Exercise objective →
Below are the entries; return exactly the line with "Elementi | Bundle" and every later line, without anything else.

Start of Stored data

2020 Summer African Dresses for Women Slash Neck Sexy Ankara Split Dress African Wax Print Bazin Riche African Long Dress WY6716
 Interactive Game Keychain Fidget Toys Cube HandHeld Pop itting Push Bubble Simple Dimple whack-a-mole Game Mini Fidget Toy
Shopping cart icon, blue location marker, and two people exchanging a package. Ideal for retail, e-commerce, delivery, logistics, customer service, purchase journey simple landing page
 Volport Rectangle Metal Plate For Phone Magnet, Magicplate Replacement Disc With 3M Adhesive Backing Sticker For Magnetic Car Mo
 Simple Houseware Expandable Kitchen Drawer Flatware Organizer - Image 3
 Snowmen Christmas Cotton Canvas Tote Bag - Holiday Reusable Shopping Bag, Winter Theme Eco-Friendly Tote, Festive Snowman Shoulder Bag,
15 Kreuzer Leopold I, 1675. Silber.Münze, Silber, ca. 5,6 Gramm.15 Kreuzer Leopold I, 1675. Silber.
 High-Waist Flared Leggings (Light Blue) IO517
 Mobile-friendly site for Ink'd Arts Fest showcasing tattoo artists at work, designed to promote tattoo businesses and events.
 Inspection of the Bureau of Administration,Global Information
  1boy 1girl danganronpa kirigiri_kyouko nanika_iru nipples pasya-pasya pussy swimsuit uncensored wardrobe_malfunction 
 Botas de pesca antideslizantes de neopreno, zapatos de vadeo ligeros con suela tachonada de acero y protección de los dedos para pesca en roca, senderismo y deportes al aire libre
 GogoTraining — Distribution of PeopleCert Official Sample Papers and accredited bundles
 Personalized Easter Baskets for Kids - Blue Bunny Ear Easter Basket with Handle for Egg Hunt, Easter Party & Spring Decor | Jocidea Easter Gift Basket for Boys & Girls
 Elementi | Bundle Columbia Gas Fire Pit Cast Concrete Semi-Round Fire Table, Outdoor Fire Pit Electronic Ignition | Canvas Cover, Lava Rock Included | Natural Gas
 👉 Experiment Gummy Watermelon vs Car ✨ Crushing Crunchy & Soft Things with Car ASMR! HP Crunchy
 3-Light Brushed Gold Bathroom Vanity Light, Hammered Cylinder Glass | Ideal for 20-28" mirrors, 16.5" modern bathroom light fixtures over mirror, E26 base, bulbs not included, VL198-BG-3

End of Stored data

Response →
 Elementi | Bundle Columbia Gas Fire Pit Cast Concrete Semi-Round Fire Table, Outdoor Fire Pit Electronic Ignition | Canvas Cover, Lava Rock Included | Natural Gas
 👉 Experiment Gummy Watermelon vs Car ✨ Crushing Crunchy & Soft Things with Car ASMR! HP Crunchy
 3-Light Brushed Gold Bathroom Vanity Light, Hammered Cylinder Glass | Ideal for 20-28" mirrors, 16.5" modern bathroom light fixtures over mirror, E26 base, bulbs not included, VL198-BG-3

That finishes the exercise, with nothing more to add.